One
of Rhian Gallagher's career highpoints is her poem "Burial".
It appeared in The Best of Best New Zealand Poems
(VUP, 2011) edited by Bill Manhire and Damien Wilkins.
"Burial" appeared in her debut collection of poems Salt Water
Creek (Enitharmon, 2003). She attended the original
composition course at Victoria University before living in
London for 18 years.
This new collection of poems, Shift, charts her life.
Shift is divided into three parts: Shift, Butterfly
and Shore.
The first part is Gallagher's thoughts before London, the
second living with her love, and the final few poems find her
back in the pines and paddocks of the South Island.
What is remarkable about this collection is how much richness
and beauty Gallagher can fold into 58 little poems. There is
some stunning wordplay and all mixed in with unfussy
arrangements of her poems. Her thoughts flow out in very few
words.
This 50-year-old woman pens poems that are straightforward
pleasures. She understands people.
Gallagher grieves for her sister in three poems. Her touching
poem "Distant Fields" on the Anzac parade is brilliant.

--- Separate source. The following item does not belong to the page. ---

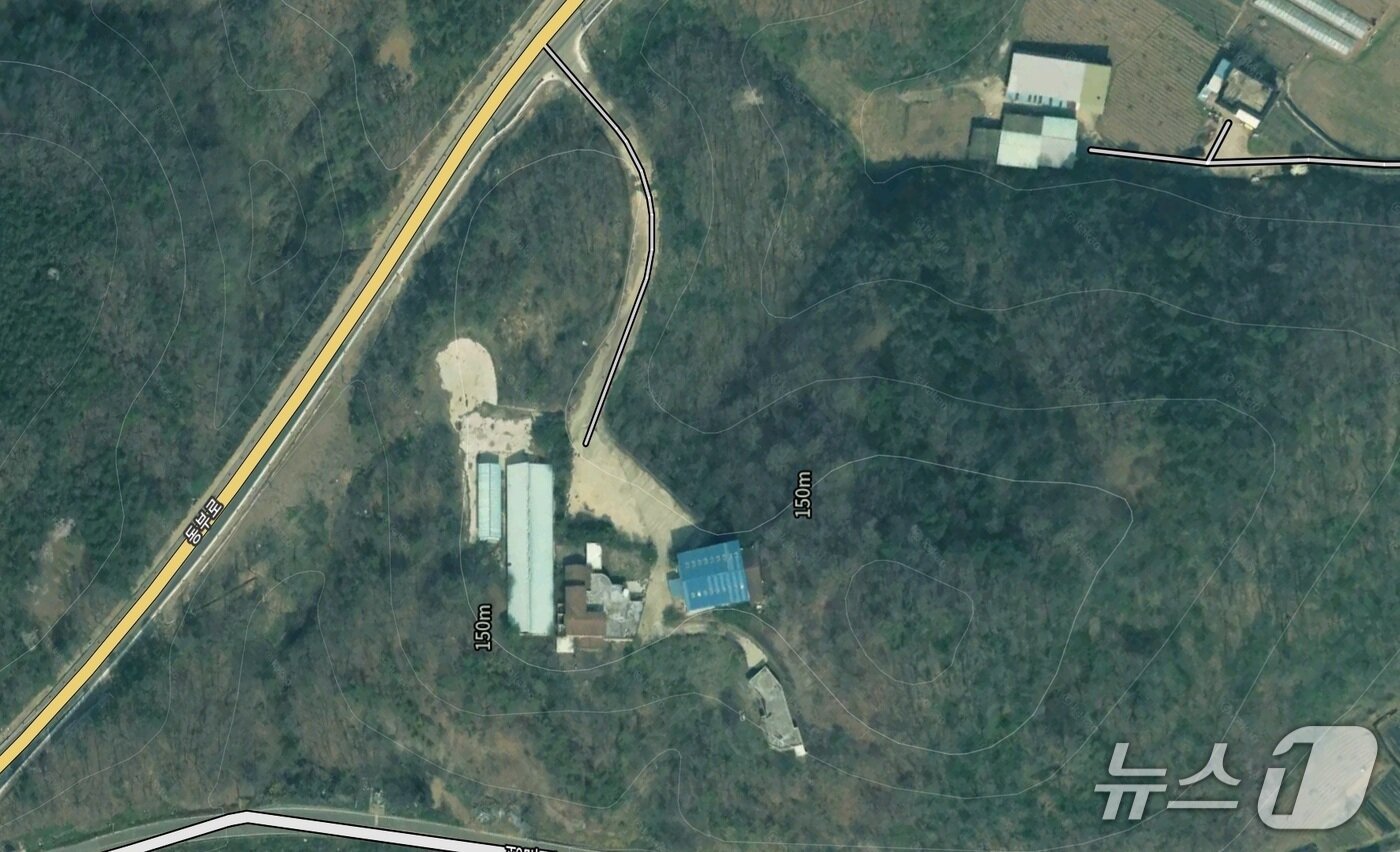본문 이미지 - 의성군이 매입해 특혜 의혹이 일고 있는 부지 일대.&#40;위성사진 캡쳐&#41;2025.11.25/뉴스1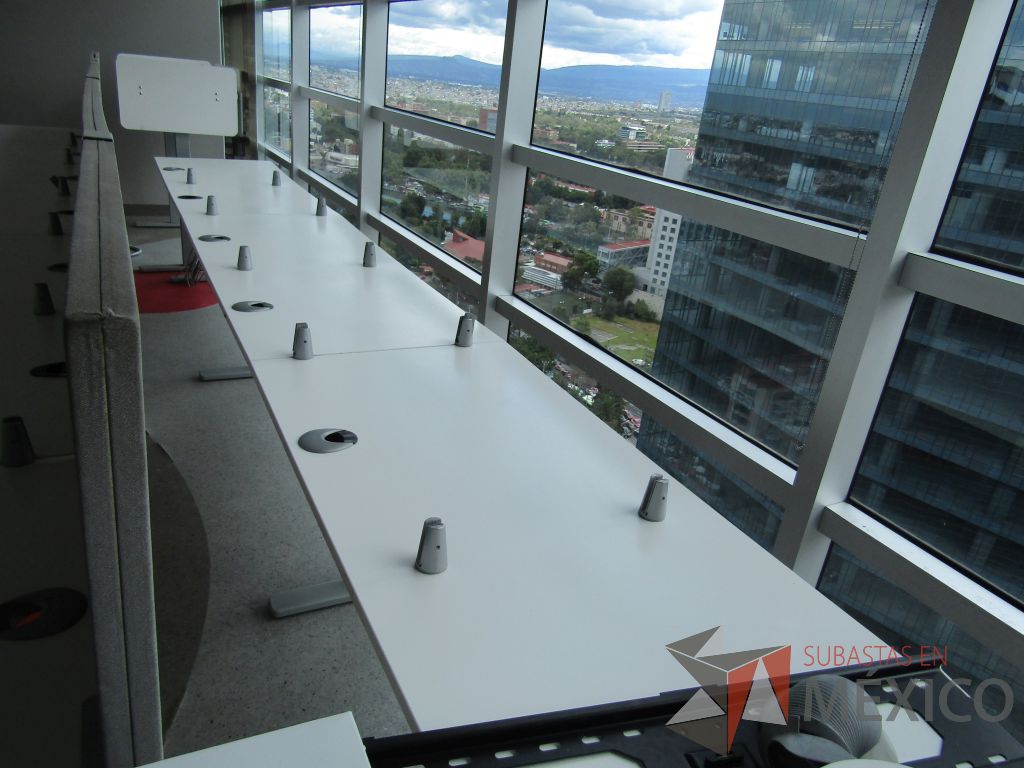 Lote 013 - Estación de trabajo para Call Center para 14 Personas y Mesa para Supervisor - Imagen 4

"Morning Fog" is a prequel to "Burial" as her father fades
away: "There is my mother / in the day-room, feeding him."
Gallagher says she is no longer a practising Catholic but it
is impossible to escape such an inheritance.
"Saints of the House":
They could leave us at any time, being
of a substance
thinner than air; they could take us
with them,
lifting us out of our sleep, we could be
called.
Our good dead shine in heaven. The Devil is a dark horse.

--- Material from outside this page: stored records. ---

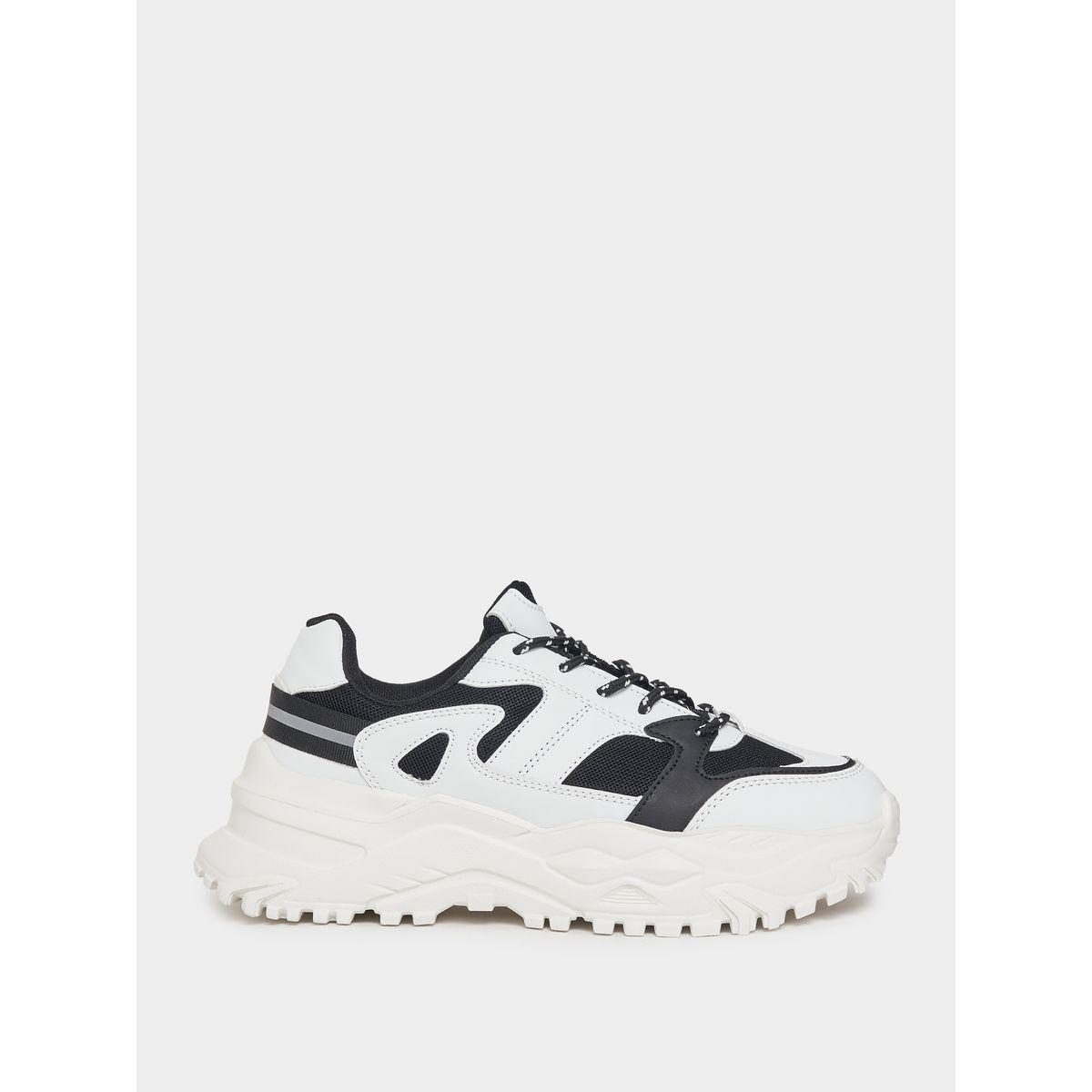 حذاء سنيكرز بكعب شانكي ورباط غلق-women-shoes-sneakers-image-2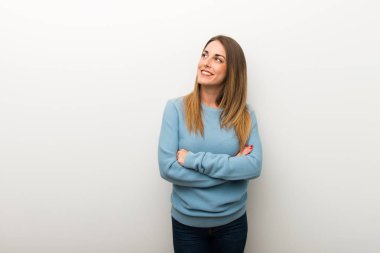 Sarışın kadın gülümseyerek süre ararken izole beyaz arka plan üzerinde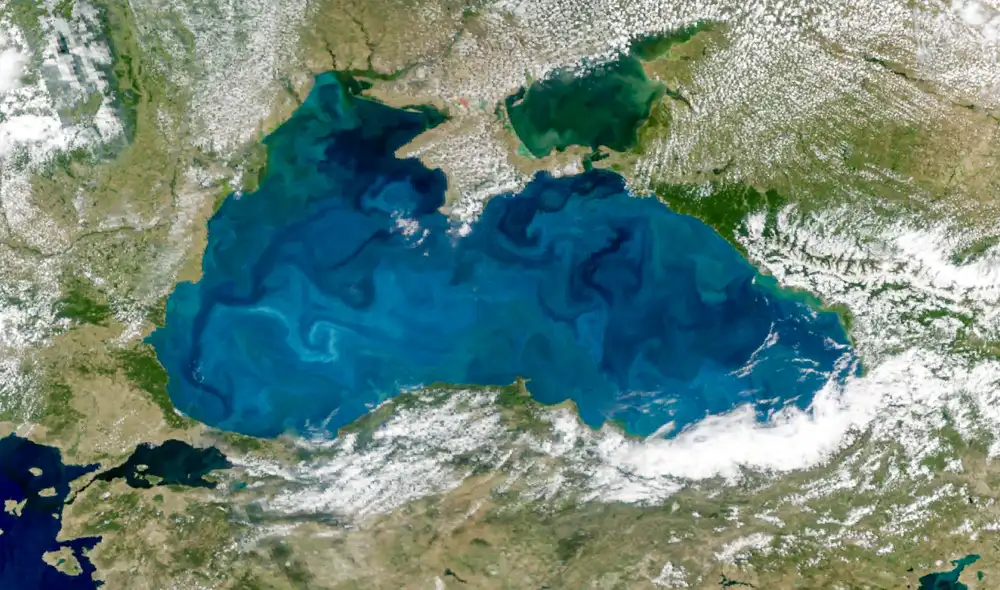 El satélite PACE capturó una imagen de las coloridas aguas del Mar Negro. Foto: NASA El satélite PACE capturó una imagen de las coloridas aguas del Mar Negro. Foto: NASA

Either way it's not this world. But the Saints
are calm,
dreaming the hereafter which is
infinite.
I wait for the cracks and breaks
beneath my bed.
One life is but a perforation on that
long seam,
let not my small soul slip from the
covers.
Shift is a revelation.
This is a chance to see how deep simplicity on a life
reflected upon can go. Very deep, it turns out.
•
Bill Direen has been around for many years as a writer and
musician.
He has worked on poetry, fiction, songs and music-theatre
pieces.
Dunedin Poems is a classy new book that contains 23
small poems. Gone is the anger and agro of earlier efforts.

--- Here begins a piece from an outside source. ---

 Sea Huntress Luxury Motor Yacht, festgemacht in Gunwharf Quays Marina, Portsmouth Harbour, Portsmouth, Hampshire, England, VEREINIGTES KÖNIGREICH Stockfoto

There is a quality and cohesiveness to this particular
collection.
Direen knows Dunedin, Mosgiel, Port Chalmers and Aramoana. He
brings this out in his work. There is a little echo of David
Eggleton's Time of the Icebergs (Otago University,
2010) and a nod to James K Baxter in "On the Other Side of
the Leith Stream":
Sometimes there is no wound
- and that is the time
for starting fires
with old exercise books,
shoe boxes, Greetings Cards,
and those photos that always tightened
the Celtic knots of your heart.
That is the time for standing close
and letting the smoke coat your face
Till there is no more time to destroy.
Till you are once again boy.
Direen has always had a little of the damaged-drifter persona
in him. Dunedin Poems is certainly worth a look.